O. Mazerolle : Est-ce que vous ne sentez pas, autour de cette affaire, comme une sorte de démangeaison de protestation des Français contre la société libérale, ouverte à la concurrence totale : le mouvement des routiers est populaire, les cheminots manifestent leur solidarité bien qu’ils soient, dans le transport ferroviaire, en guerre ouverte avec le transport des routiers ?
A. Lamassoure : Je crois qu’il faut être prudent dans ce genre d’analyse. C’est un conflit qui a quand même des caractères propres dans une branche qui a elle-même des caractères particuliers et j’ai été frappé par les…

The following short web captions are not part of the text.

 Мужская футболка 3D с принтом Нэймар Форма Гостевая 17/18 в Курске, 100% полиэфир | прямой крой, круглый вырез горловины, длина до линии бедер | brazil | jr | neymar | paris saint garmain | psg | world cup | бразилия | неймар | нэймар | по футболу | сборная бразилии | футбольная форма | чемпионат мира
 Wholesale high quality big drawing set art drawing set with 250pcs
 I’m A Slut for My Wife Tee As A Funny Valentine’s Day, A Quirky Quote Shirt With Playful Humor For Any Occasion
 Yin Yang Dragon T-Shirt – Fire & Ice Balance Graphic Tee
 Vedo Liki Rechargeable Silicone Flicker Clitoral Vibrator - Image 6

O. Mazerolle : Oui, mais il est très populaire malgré la gêne qu’il occasionne ?
A. Lamassoure : Oui, enfin, il est populaire, cela dépend de la manière dont on pose les questions aux Français. Moi, ce qui m’a frappé depuis le début de cette crise, c’est le caractère très modéré des représentants des organisations professionnelles de la branche, ou intersyndicales, interprofessionnelles, et également le caractère responsable des patrons, comme des salariés, depuis le début de la crise. Je crois que chacun a bien conscience du fait qu’on n’a pas intérêt à l’étendre à d’autres secteurs. En tout cas, ce n’est sûrement pas l’intérêt des salariés du transport routier parce qu’ils ont un certain nombre de revendications légitimes : on est en train, dans le cadre de ce processus de négociation, de les traiter pour améliorer leur situation. La dilution ne leur profiterait pas.
O. Mazerolle : Cela va durer encore longtemps ?

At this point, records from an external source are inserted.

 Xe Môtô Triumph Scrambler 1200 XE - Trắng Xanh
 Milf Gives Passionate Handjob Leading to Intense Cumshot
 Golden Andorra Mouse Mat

A. Lamassoure : Nous espérons pouvoir trouver une solution très rapidement. La négociation continue, les éléments acquis ce matin nous permettent d’être raisonnablement optimistes.

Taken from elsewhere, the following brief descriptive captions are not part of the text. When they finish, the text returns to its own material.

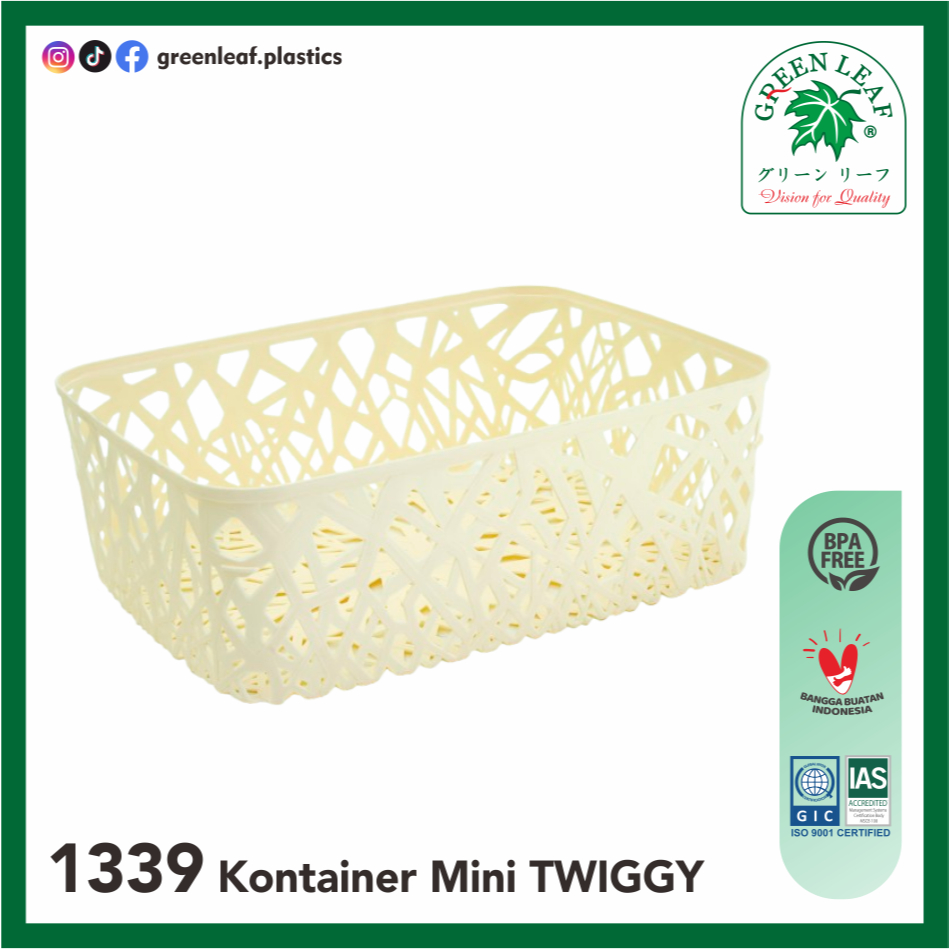 Jual Green Leaf TWIGGY Mini Container / Kontainer (1339) | Shopee Indonesia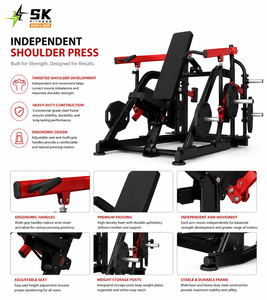 Máquina de Press de Hombros SK con Acero Industrial de <span class=keywords><strong>3</strong></span>.0mm, Máquina Independiente para Brazos con Carga de Placas - Product Image 4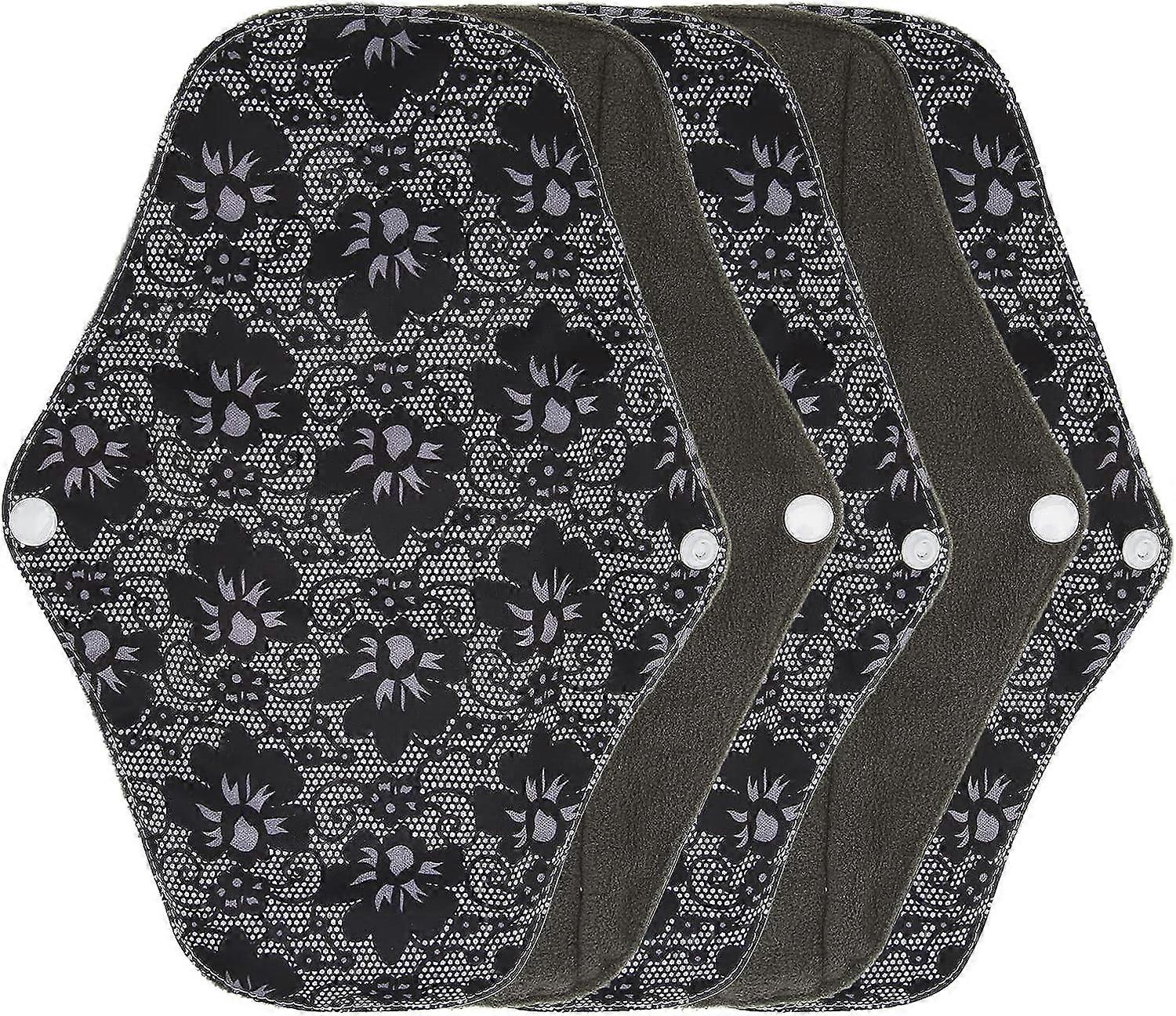 Washable Sanitary Pads, Reusable Menstrual Pads Soft Use Light Leakproof Cloth Panty Pads Incontinence Pads for Menstrual Period(M05)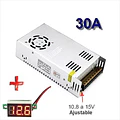 Fuente Poder 12v Dc 30a Ajustable 10 A 15V + Regalo 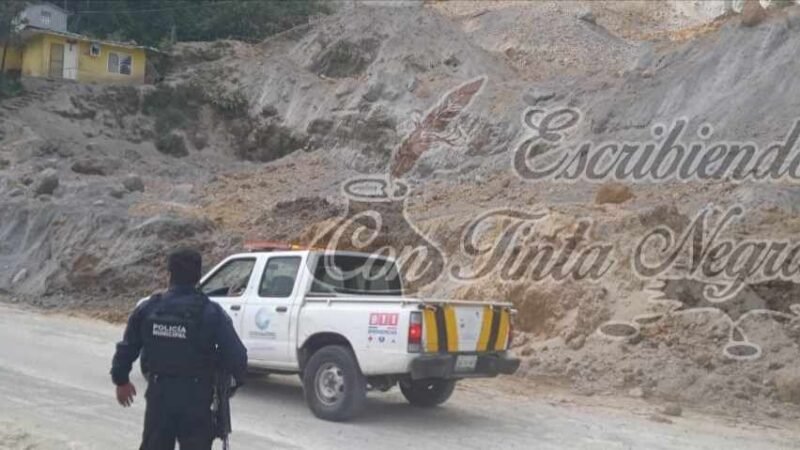 MANTIENEN MONITOREO EN ZONA DE ARENALES DE COSCOMATEPEC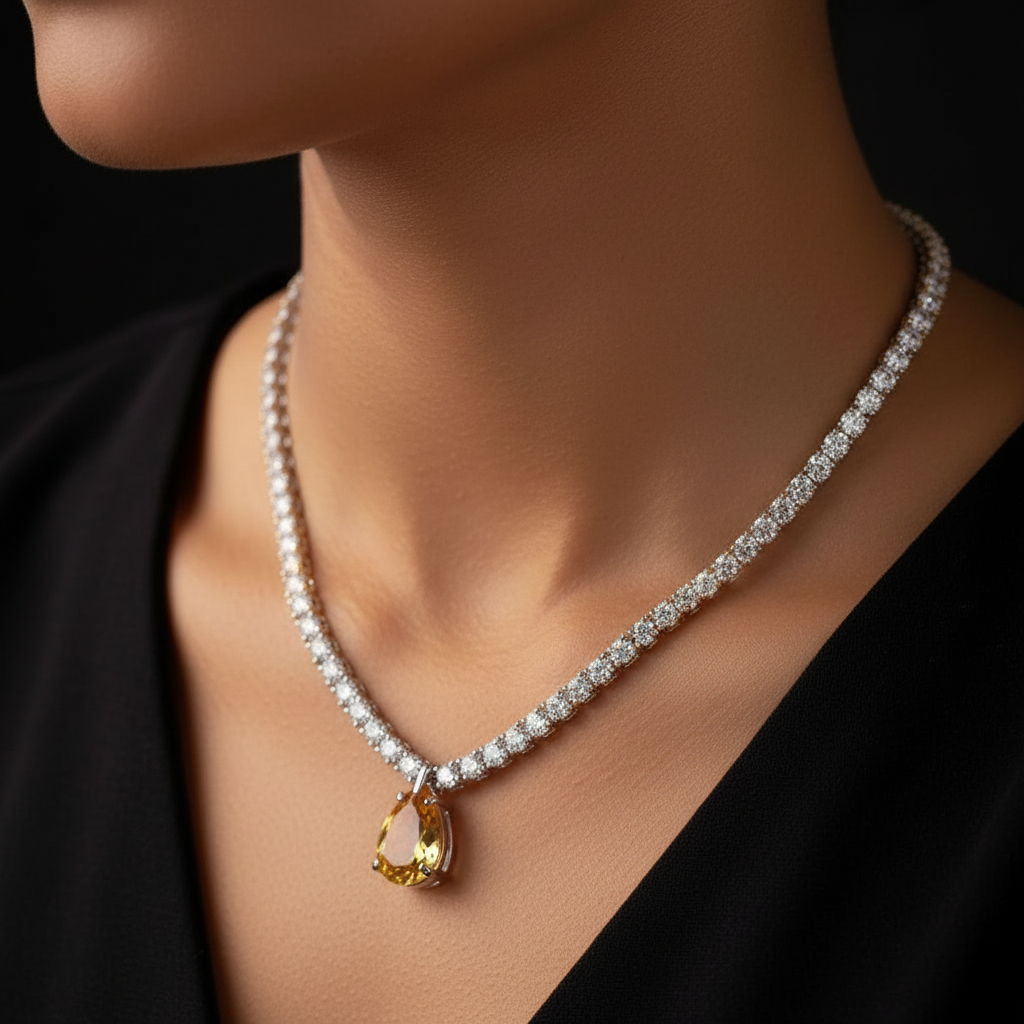 Tear-Drop Tennis Glam Set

O. Mazerolle : Est-ce que tout de même, dans cette affaire, la crédibilité du Gouvernement n’a pas été entamée par les rumeurs de remaniement qui ont couru toutes ces dernières semaines ?
A. Lamassoure : Non. Je crois que c’est un problème tout à fait différent. Les sujets de conversation du microcosme n’ont rien à voir avec les problèmes sociaux du moment.
O. Mazerolle : Il n’y aura pas de remaniement ?
A. Lamassoure : Le remaniement n’est pas à l’ordre du jour.
O. Mazerolle : Et ça, c’est votre conviction personnelle ou c’est une déclaration officielle du porte-parole du Gouvernement ?
A. Lamassoure : Je puis vous dire que le remaniement n’est pas à l’ordre du jour.
O. Mazerolle : Vous parlez au nom d’A. Juppé, du Premier ministre ou du président de la République ?
A. Lamassoure : La décision de changement de gouvernement appartient naturellement au président de la République. Je peux vous dire qu’au niveau du Gouvernement, le remaniement n’est pas à l’ordre du jour.